--- Material for this task ---

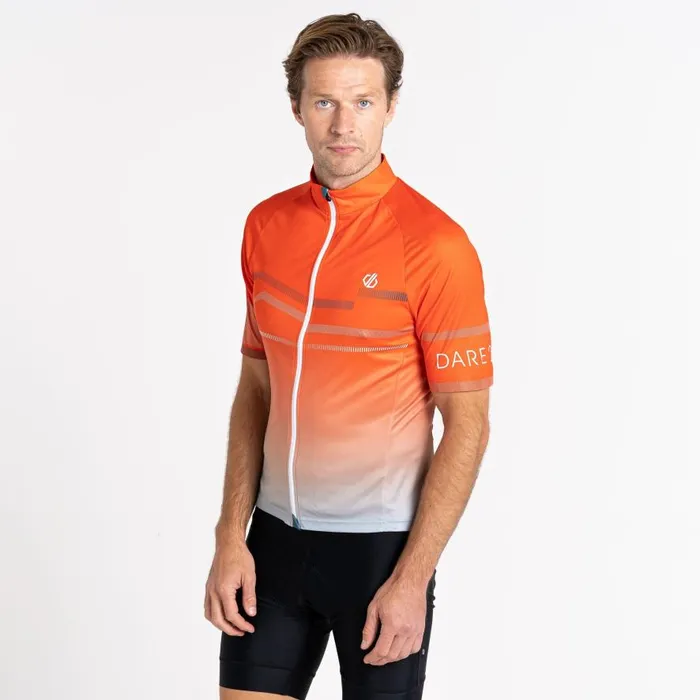 Dare 2b AEP Revolving Short Sleeved Jersey Trail Blaze Red Men Cycling Jerseys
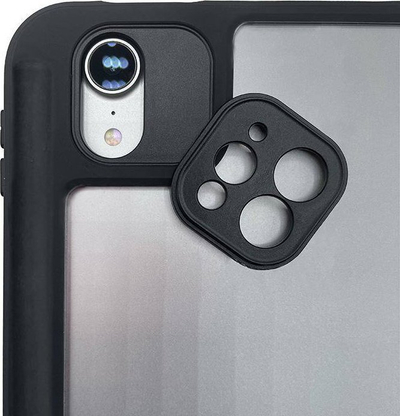 Mbulesë tablet Crong PrimeFolio Case për iPad Pro 11 2022–2021 edhe iPad Air 10.9 4–5 Gen, me qëndrim, me karikim për Apple Pencil, e zezë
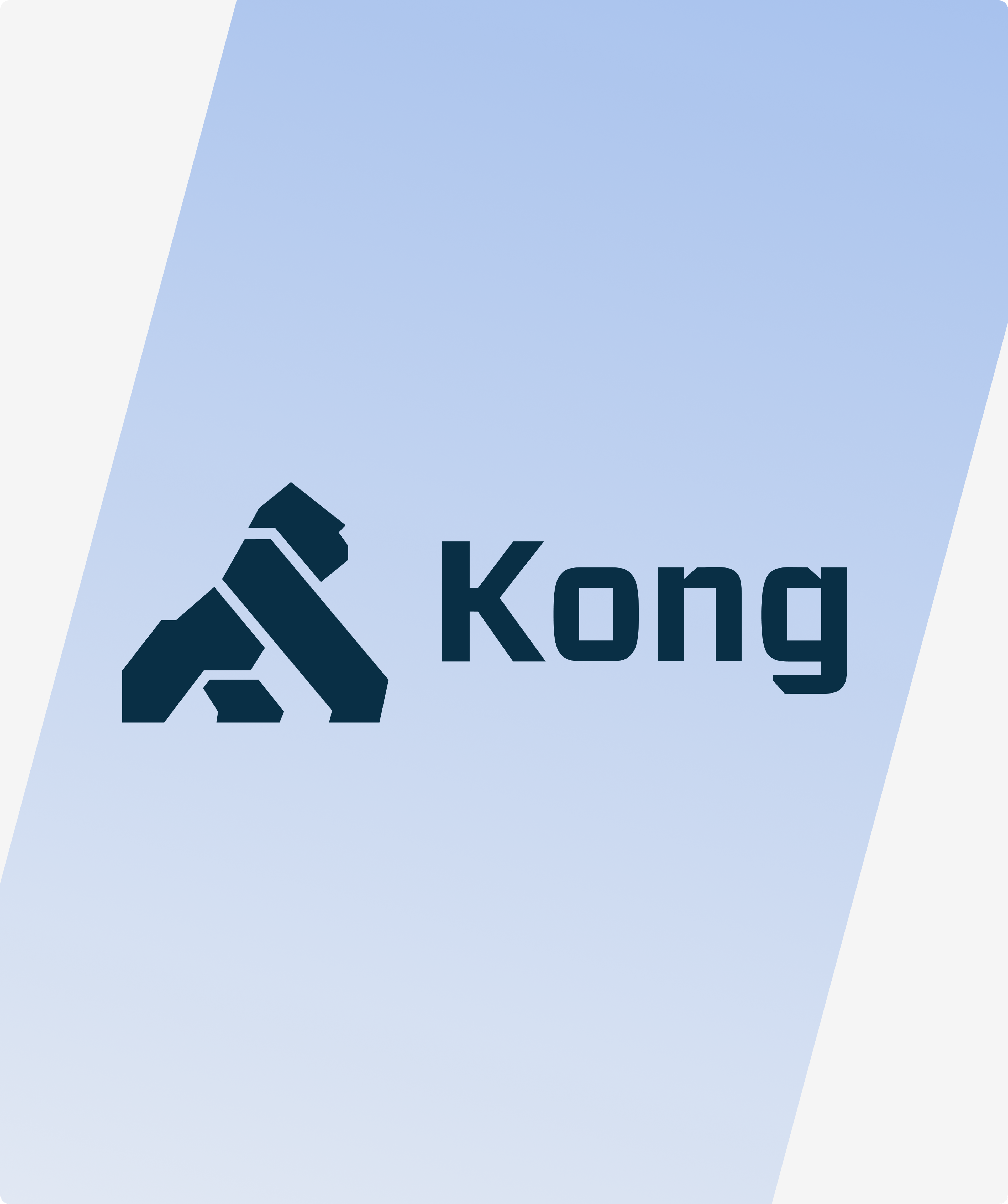 kong logo on blue background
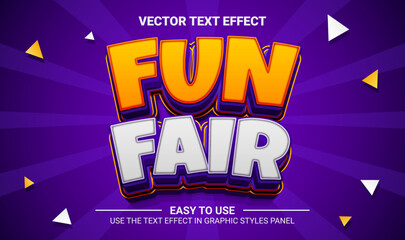 3d fun fair editable text effect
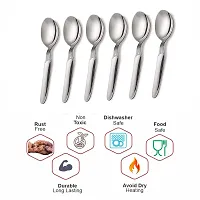 Zevora Stainless Steel Mix Cutlery Set/Table Ware Cutlery/Dinner Cutlery/Spoon  Forks (Set of 6 Spoon and 6 Forks) NT-thumb1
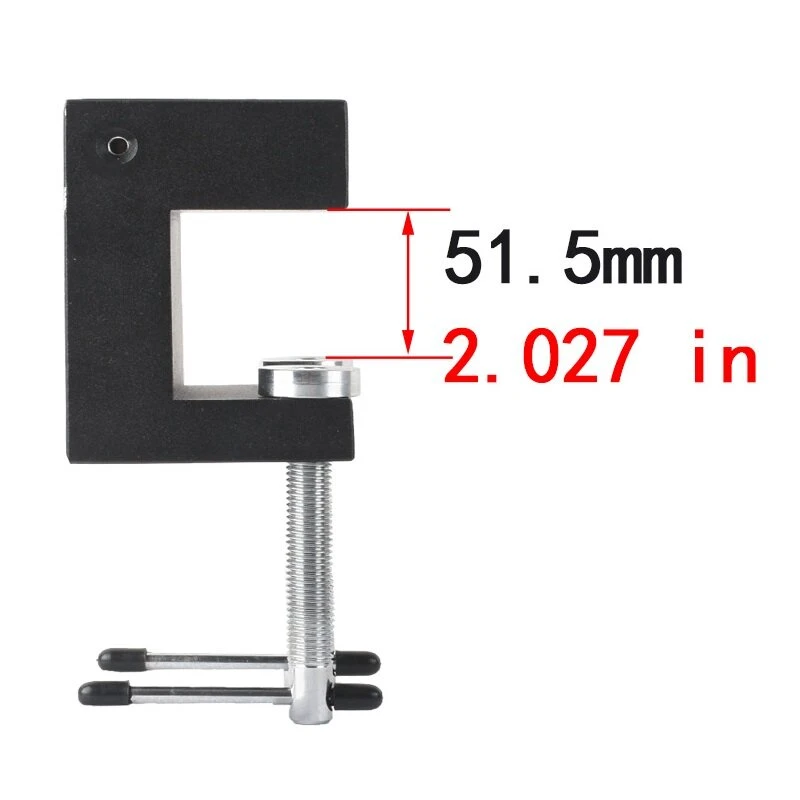 KOPPACE Stereo Microscope Clip Arm Bracket | 51.5mm Opening Folding Rocker - Image 2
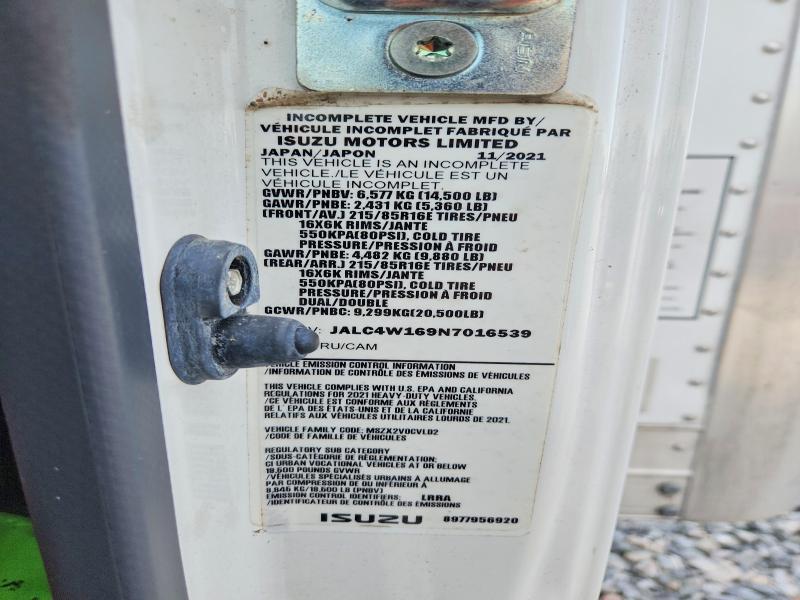 2022 Isuzu Npr hd box Truck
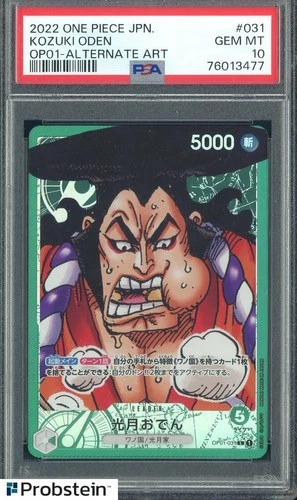 2022 One Piece JPN OP01 Alternate Art #031 Kozuki Oden PSA 10 GEM MINT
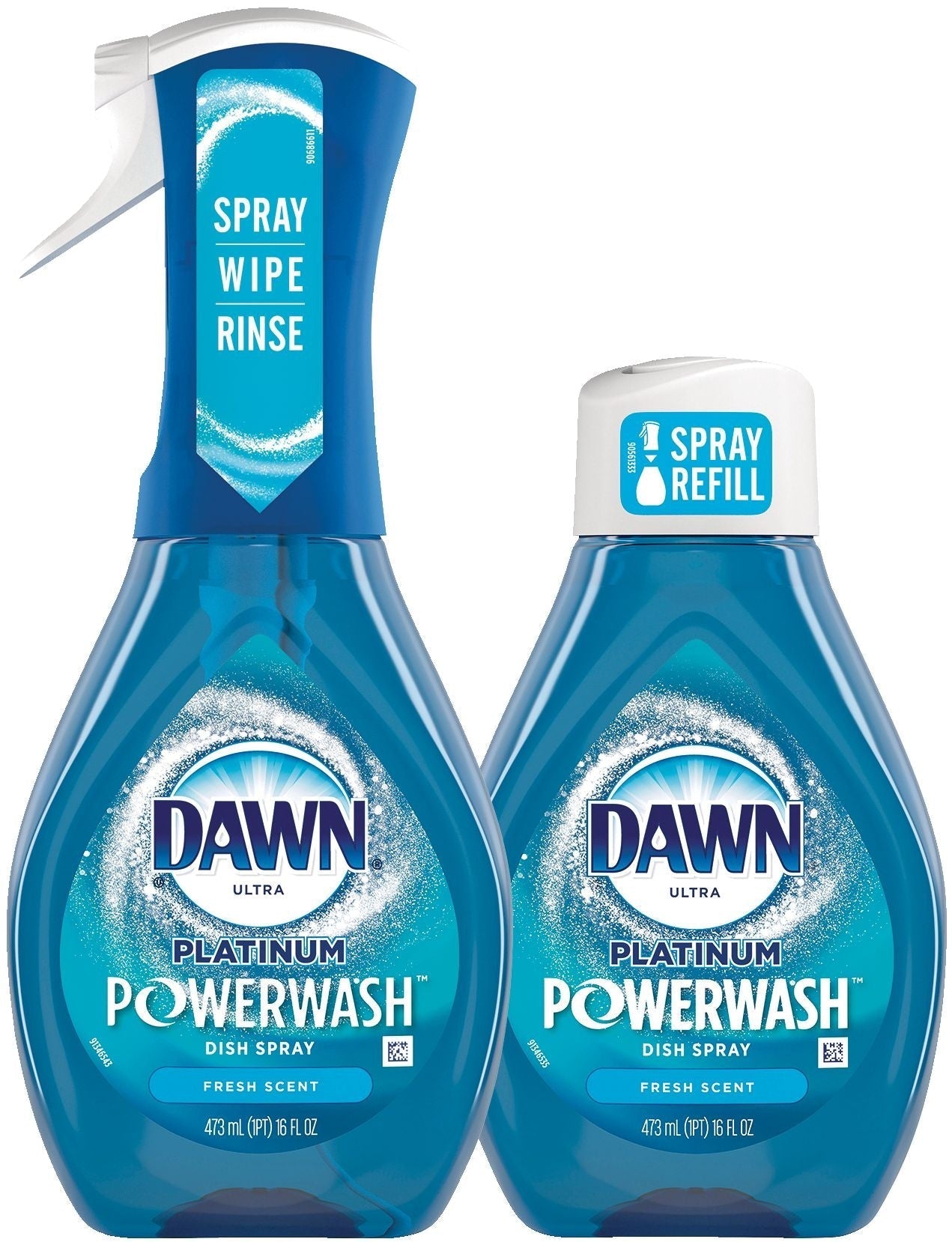 Platinum Powerwash Dish Spray, Fresh Scent Bundle, 1 Starter-Kit N6I2 - product image 2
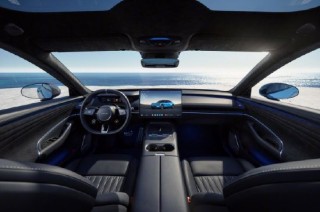 雷军曝光新一代小米SU7内饰图：这个氛围灯，是不是还可以？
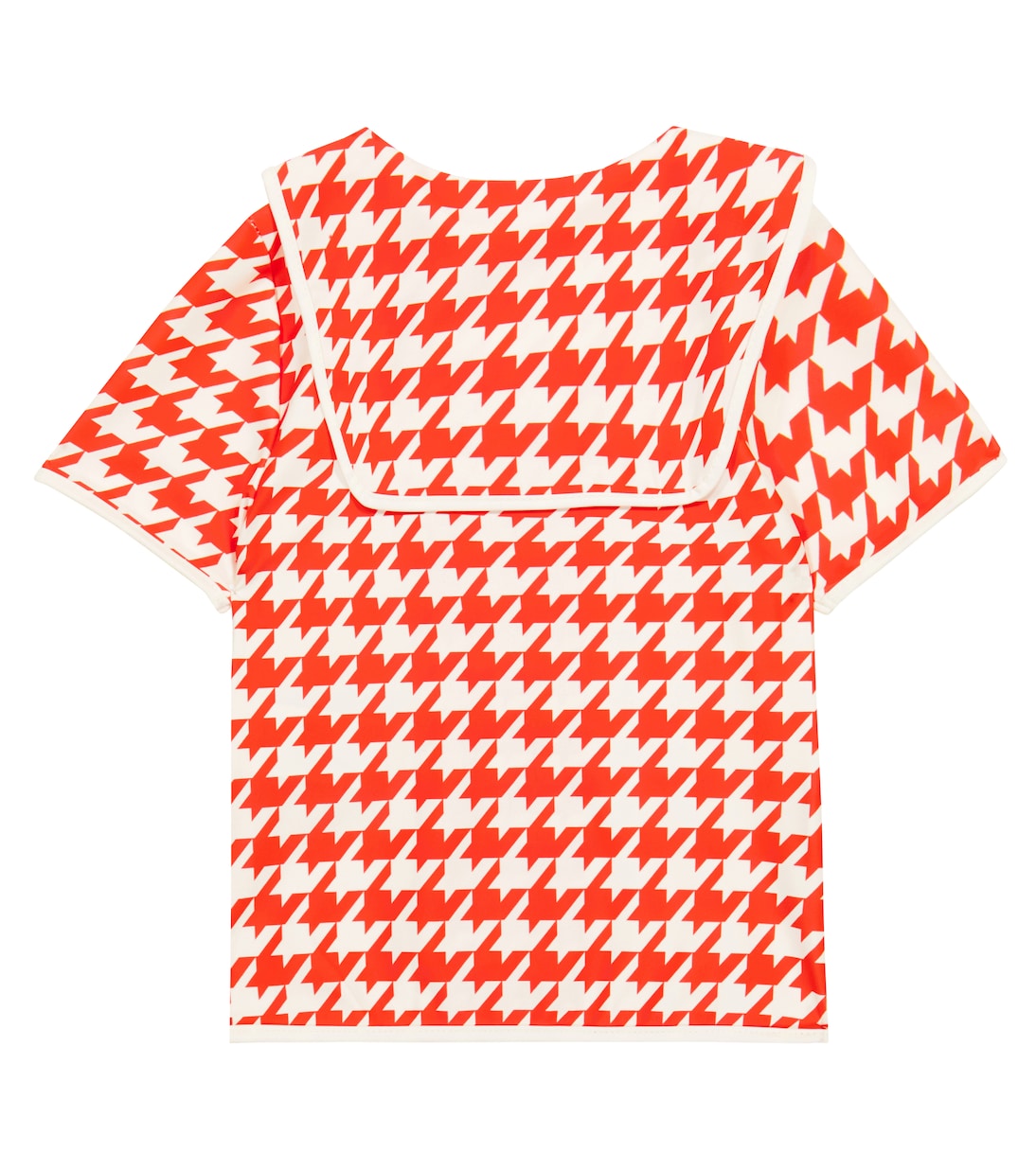 Houndstooth embroidered swim top | Mini Rodini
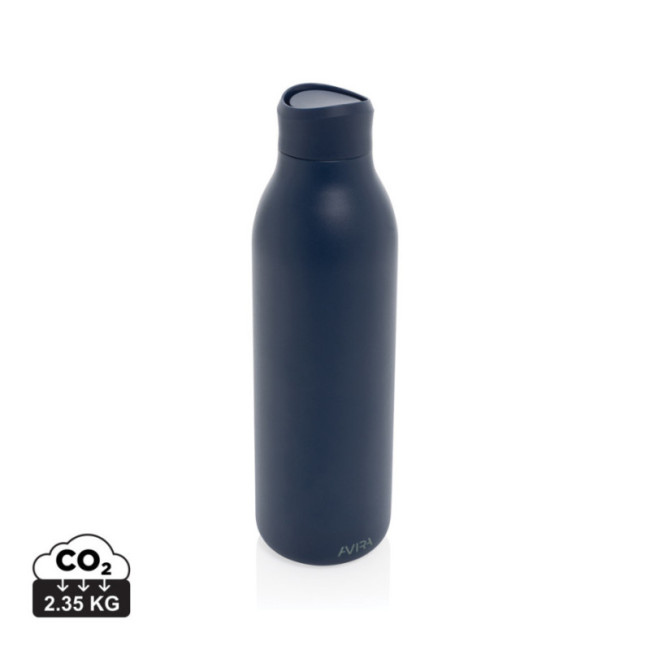 Gourde personnalisée en acier recyclé RCS Avira Alok 600ml 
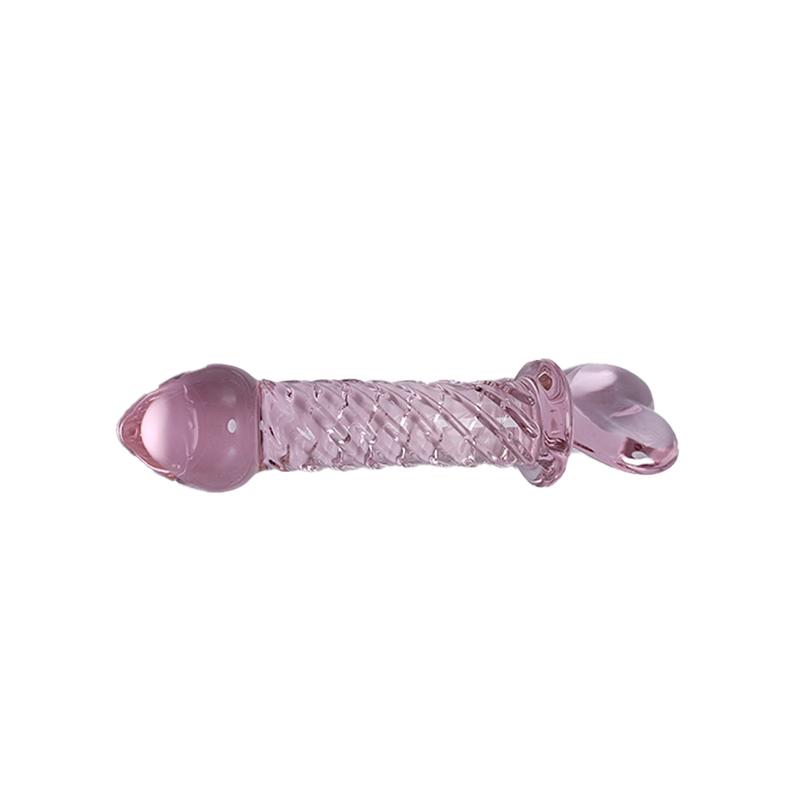 2023 Custom Logo Big Pink 16cm Glass Dildo For Sex Use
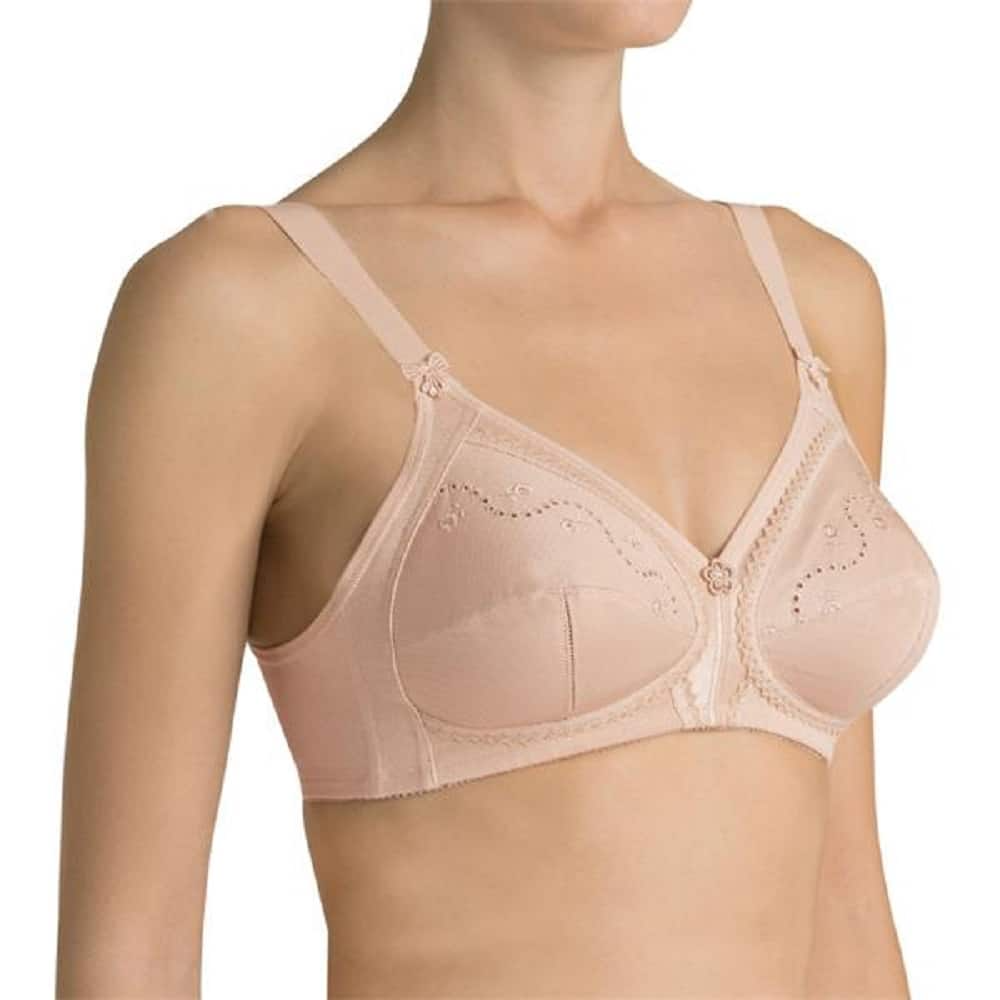 Triumph Doreen Cotton Non-Wired Support Bra Ten by Beauty Care Bag
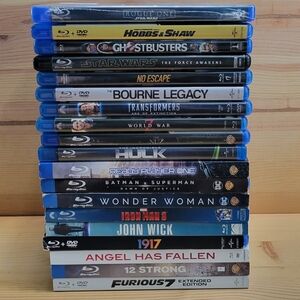 19 blu ray dvds bundle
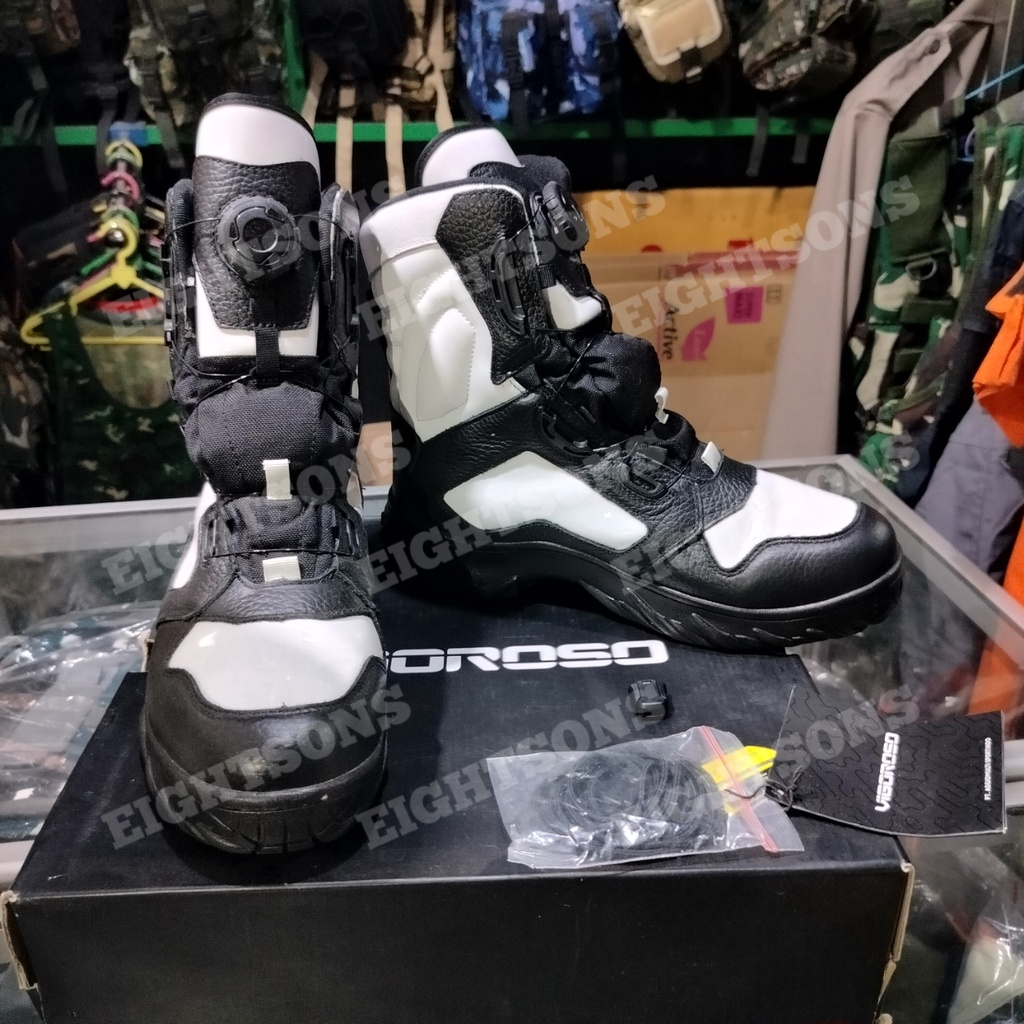 SEPATU PROVOST POLISI MILITER PM ASLI JATAH TNI TALI PUTAR VIGOROSO SEPATU TALI PUTAR ORI  VIGOROSO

---

### Exercise details
Lines wanted from the entries above: the one with "Houndstooth embroidered swim", the one with "19 blu ray dvds bundle", and all lines between. Please copy them exactly, without the pictures and without anything else.

### Written reply
 Houndstooth embroidered swim top | Mini Rodini
 Gourde personnalisée en acier recyclé RCS Avira Alok 600ml 
 2023 Custom Logo Big Pink 16cm Glass Dildo For Sex Use
 Triumph Doreen Cotton Non-Wired Support Bra Ten by Beauty Care Bag
 19 blu ray dvds bundle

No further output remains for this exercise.